* **Exercise requirements**
Go to the line that contains "Lucky brand women’s leather chukka booties" in the listing below, then output it and every line after it exactly, omitting pictures.

Exercise materials Block Start

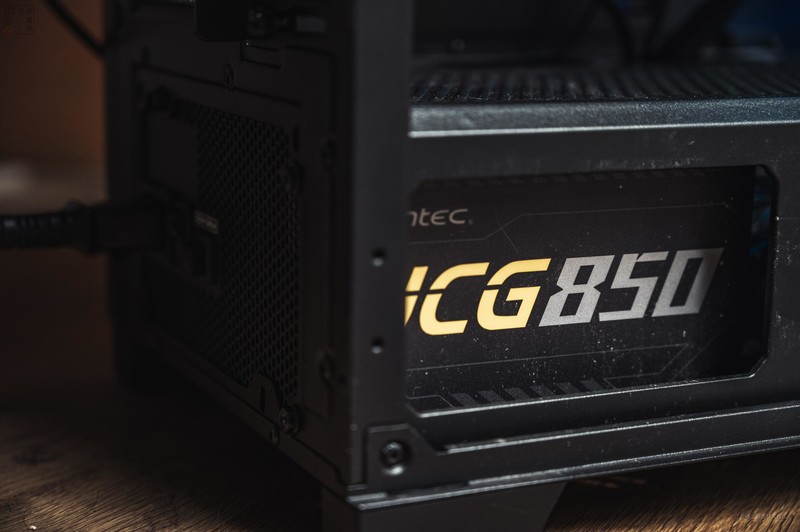 让手机电脑的电源线都井井有条，只需一键排插固定器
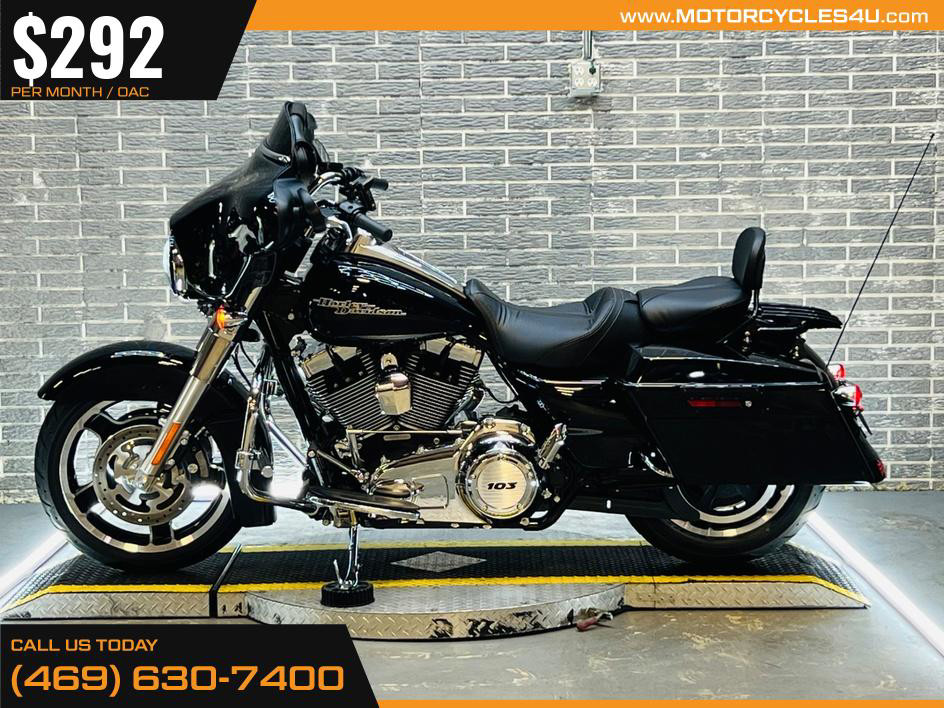 Street Glide®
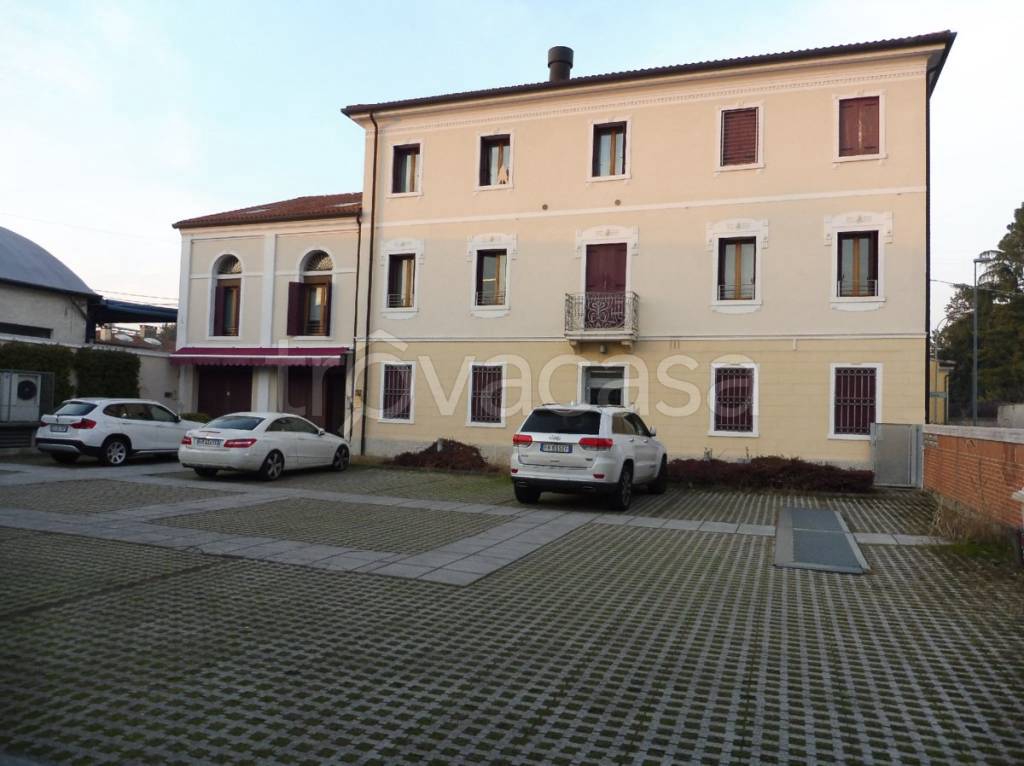 ufficio in affitto a Rossano Veneto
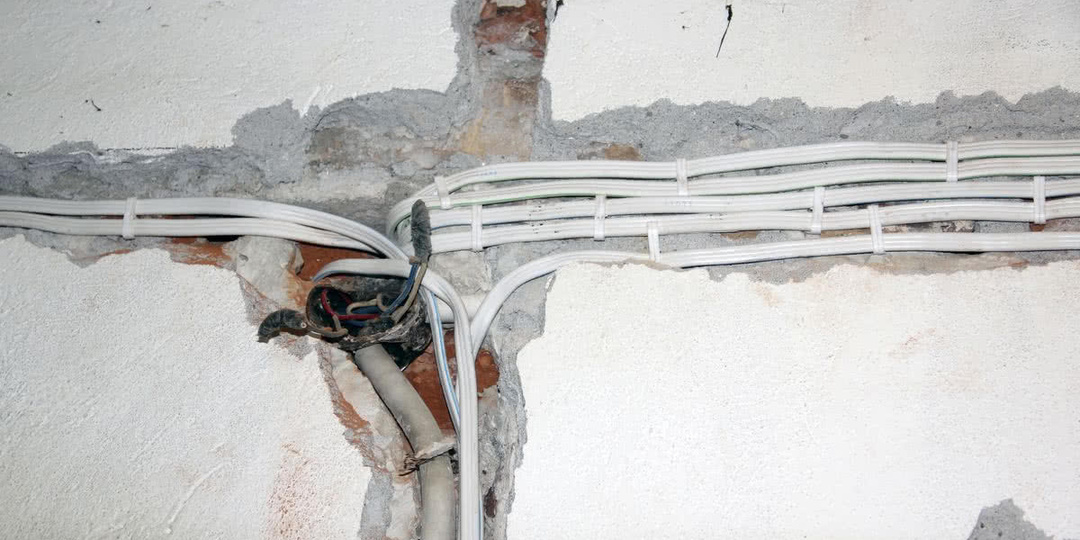 Как одна “невинная” скрутка проводов превратила ремонт в пожар: разбор типовой схемы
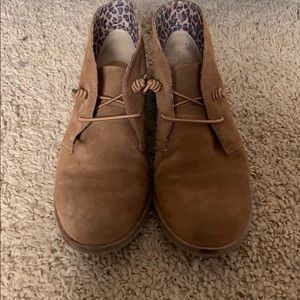 Lucky brand women’s leather chukka booties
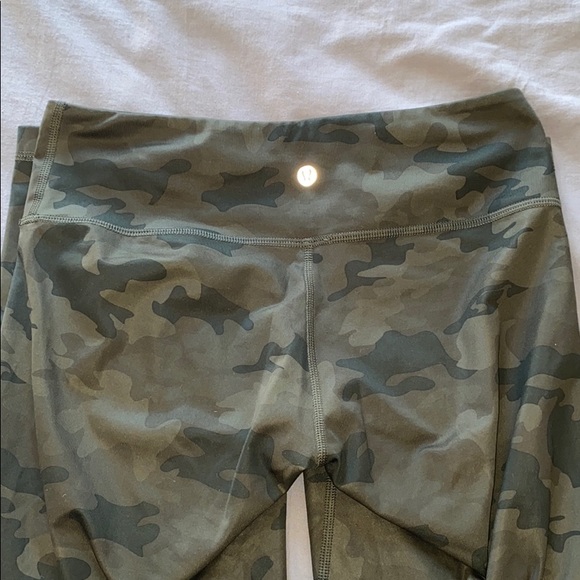 Lululemon Green Camo Cropped Leggings - Picture 2 of 4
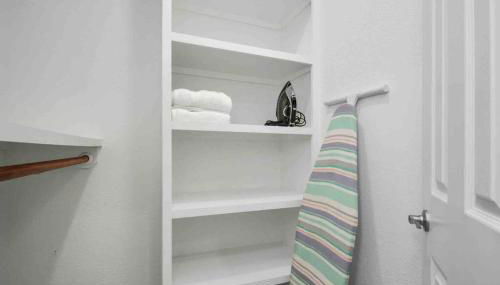 Central Yellow Gem: Cozy Views & Proximity - Foto 5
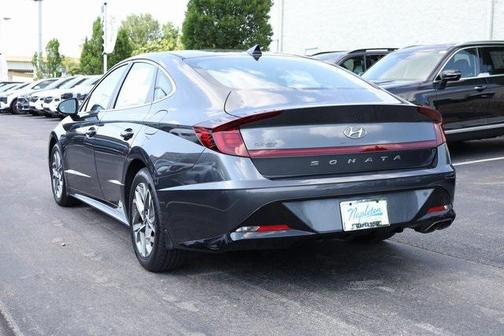 2022 Hyundai SONATA SEL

Exercise materials Block End

* **Exercise answer**
 Lucky brand women’s leather chukka booties
 Lululemon Green Camo Cropped Leggings - Picture 2 of 4
 Central Yellow Gem: Cozy Views & Proximity - Foto 5
 2022 Hyundai SONATA SEL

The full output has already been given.